Nancy Hurworth, Greens

Stephen Philpott, Con

Stephen Thomas, Ukip

HARDWAY

Piers Bateman, Con

Peter Chegwyn, Lib Dem

James Fox, Labour

LEE
Graham Burgess, Con
Sean Evans, Lib Dem

Peter Hurworth, Green

Stan Seymour, Ukip

Jill Whitcher, Labour

LEESLAND AND TOWN
John Bowles & David Foster, Ukip
Chris Carter & Peter Edgar, Con

Robert Hylands & Stephen Marshall, Lib Dem
Mark Smith & Charis Noakes, Labour
David Sekules & David Harrison, Green


There are five councillors elected across the four different Gosport divisions.

The public will take to the polls on Thursday May 4 with announcements on the Gosport results made after midnight at Gosport Leisure Centre.

To be eligible to vote and have your say in the elections, residents must be on the electoral register, having registered by Thursday, April 13.

To be eligible to vote and have your say in the elections, residents must be on the electoral register having been registered by Thursday April 13.

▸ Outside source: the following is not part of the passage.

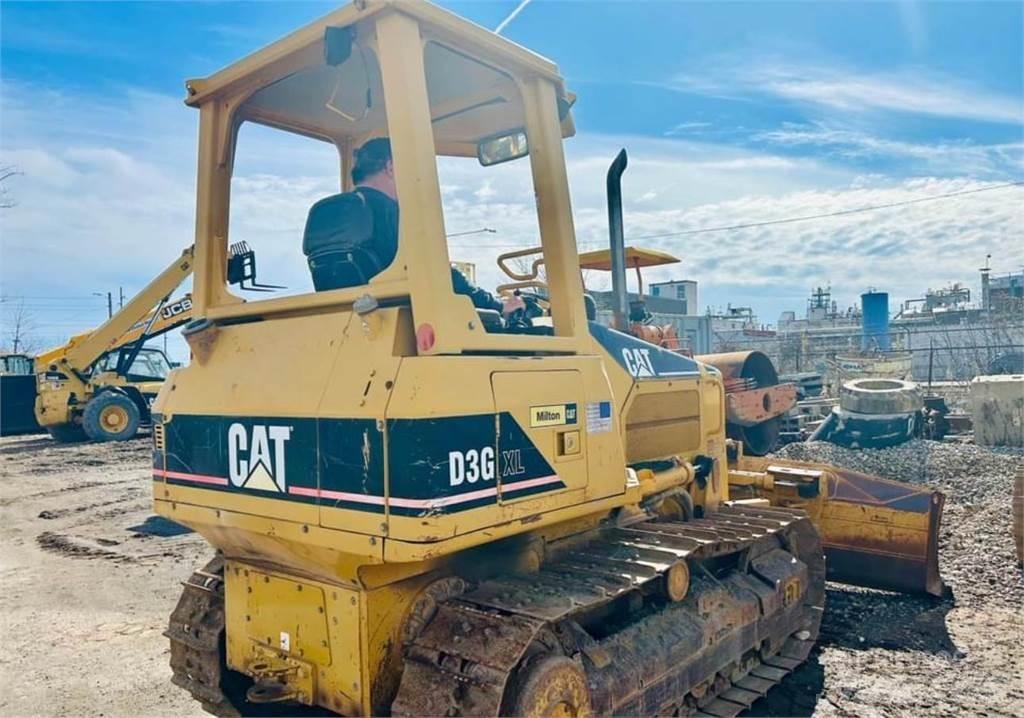 CAT D3G XL Гусеничные бульдозеры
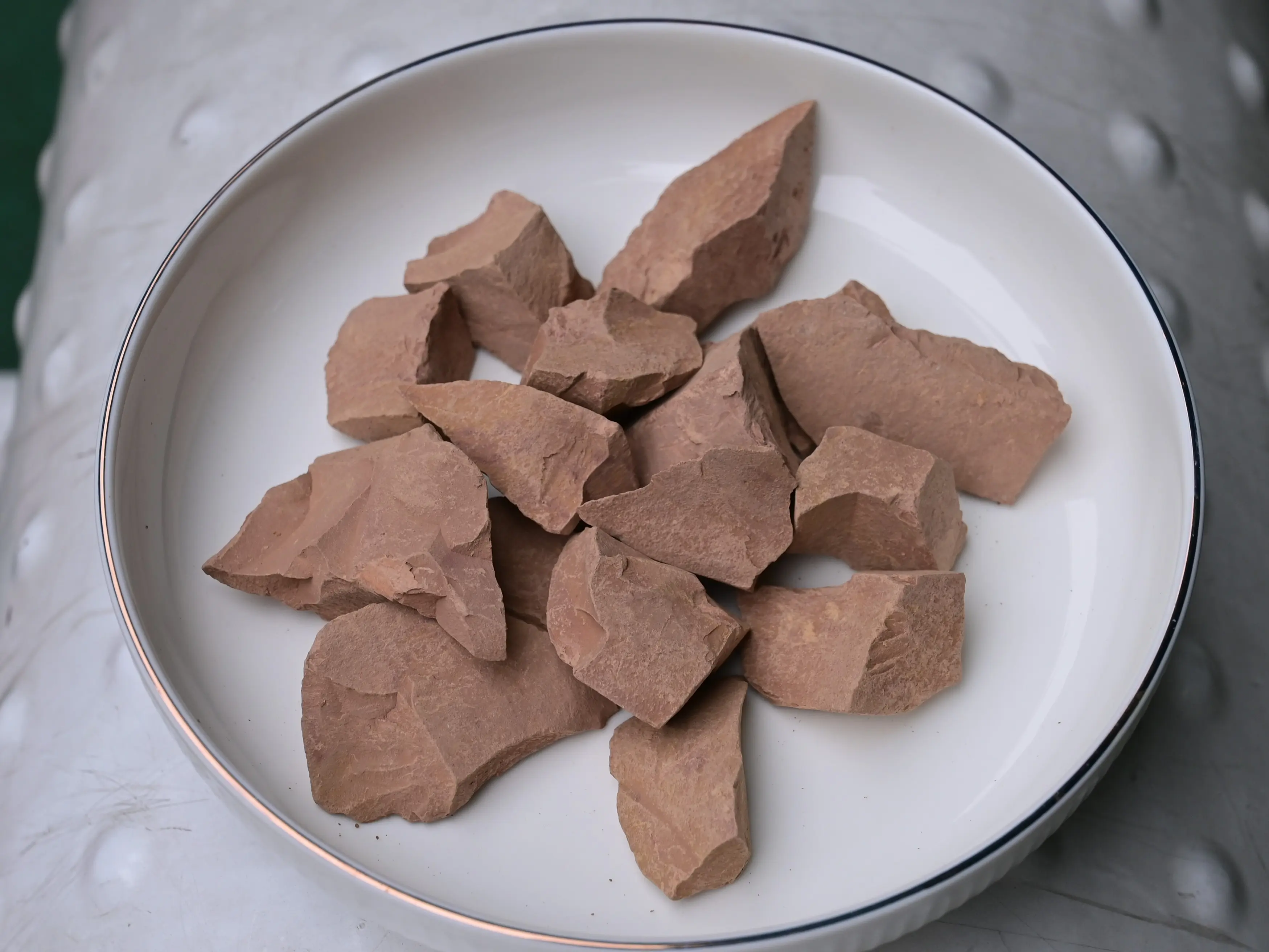 7oz (200g) Natural Narat Brown Kaolin Clay Chunks, Chunk Form, Irregular Shape, Rich Earthy Flavor, Versatile and Easy to Use Garden Soil Additive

To register, visit gov.uk/register-to-vote. Contact Gosport Borough Council if you do not have internet access. If you cannot get to the polling station on election day, you can still vote by post or appoint someone (proxy) to vote on your behalf.

Applications for postal votes must be received by district and borough councils by April 18, 5pm and April 25, 5pm for proxy voters.

Information about how to vote, how to register to vote or check if you are already registered, is available from the Electoral Commission via yourvotematters.co.uk

Alternatively, phone 0333 103 1928 to obtain the information.